*Task description:*
Set down exactly the lines from the first line of the records through the line that contains "United Visual Products", and leave every picture out.

[[ Records for the task open ]]

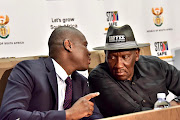 Justice and correctional services minister Ronald Lamola with police minister Bheki Cele. File image.
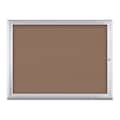 United Visual Products Corkboard, Single Door, Radius Frame, 48x36", Satin/Pumice UV70031-SATIN-PUMICE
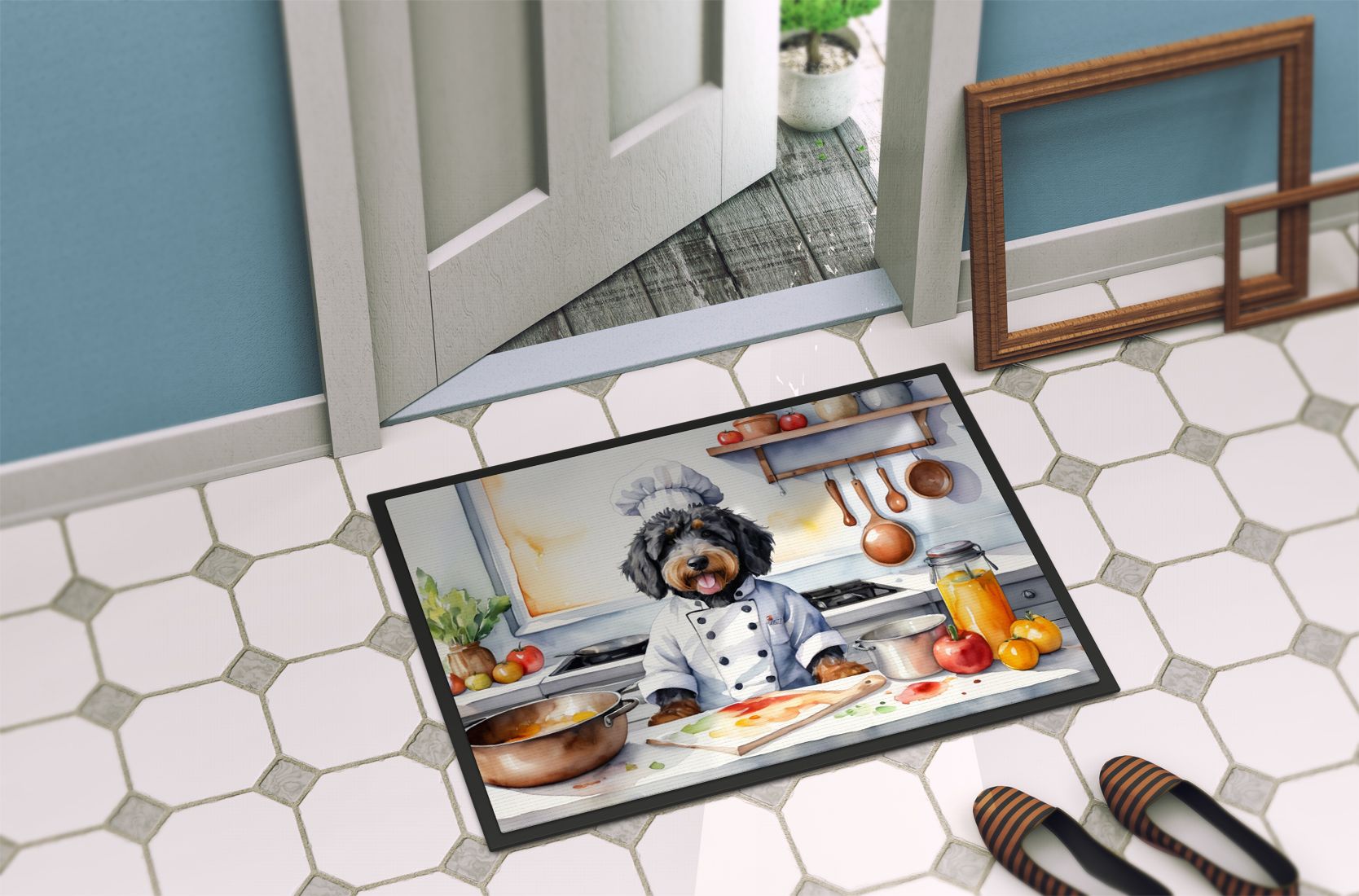 Bernedoodle The Chef Doormat Front Door Mat Indoor Outdoor Rugs for Entryway, Non Slip Washable Low Pile, 24H X 36W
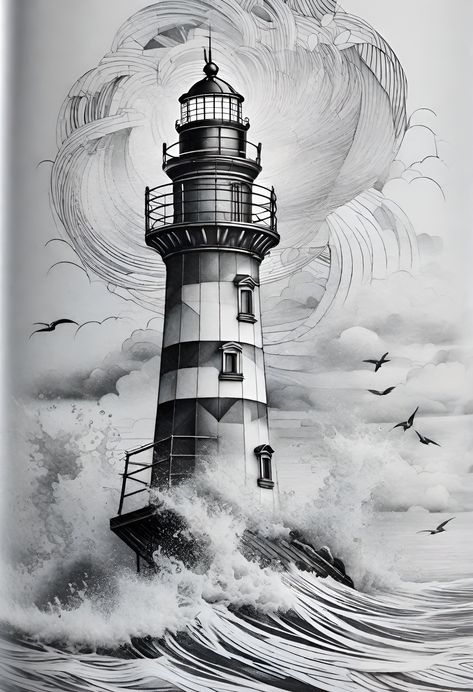 Lighthouse Tattoo Sketch, Ship Sketch Tattoo, Lighthouse Pencil Drawing, Lighthouse With Waves Tattoo, Neo Traditional Lighthouse, Lighthouse Tattoo Drawing, Light House Tattoo Design, Lighthouse Tattoo Stencil, Light House Drawing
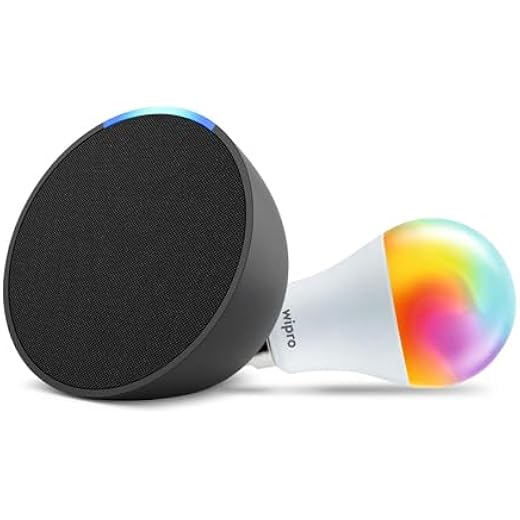 Amazon Echo Pop Black Smart Home Speaker Combo with Wipro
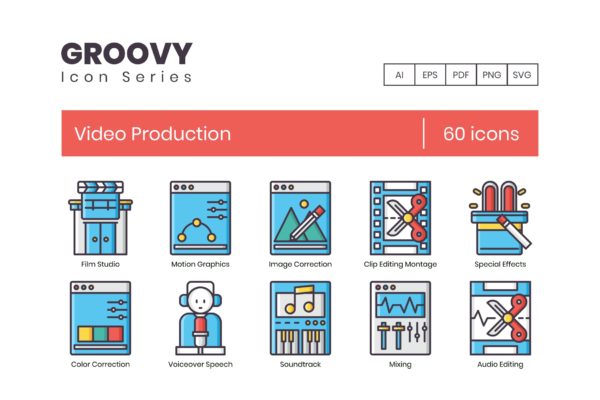 Groovy系列-60枚视频制作主题矢量图标 60 Video Production Icons | Groovy Series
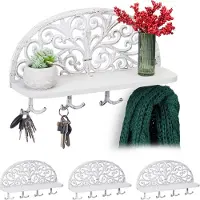 Relaxdays 4 x Wandgarderobe mit Ablage weiß Weiß,Schwarz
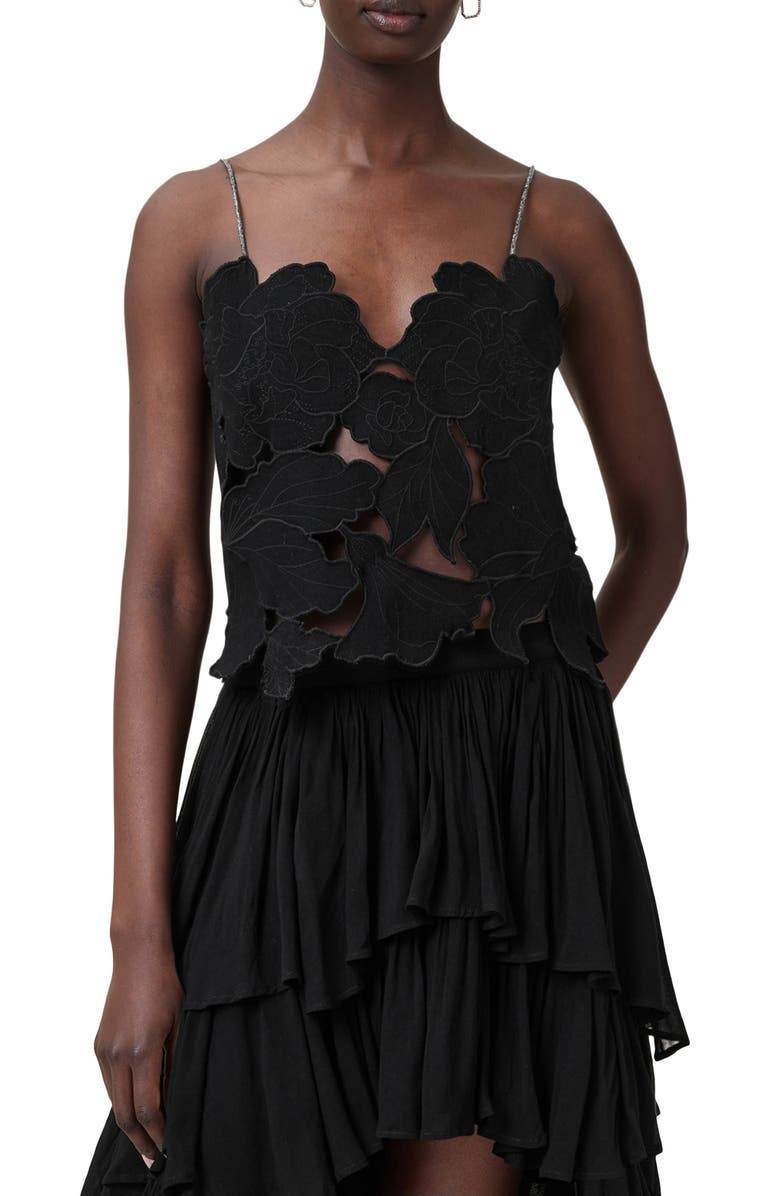 AllSaints Flora Appliqué Cotton Camisole, Main, color,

[[ Records for the task closed ]]

*Exercise result:*
 Justice and correctional services minister Ronald Lamola with police minister Bheki Cele. File image.
 United Visual Products Corkboard, Single Door, Radius Frame, 48x36", Satin/Pumice UV70031-SATIN-PUMICE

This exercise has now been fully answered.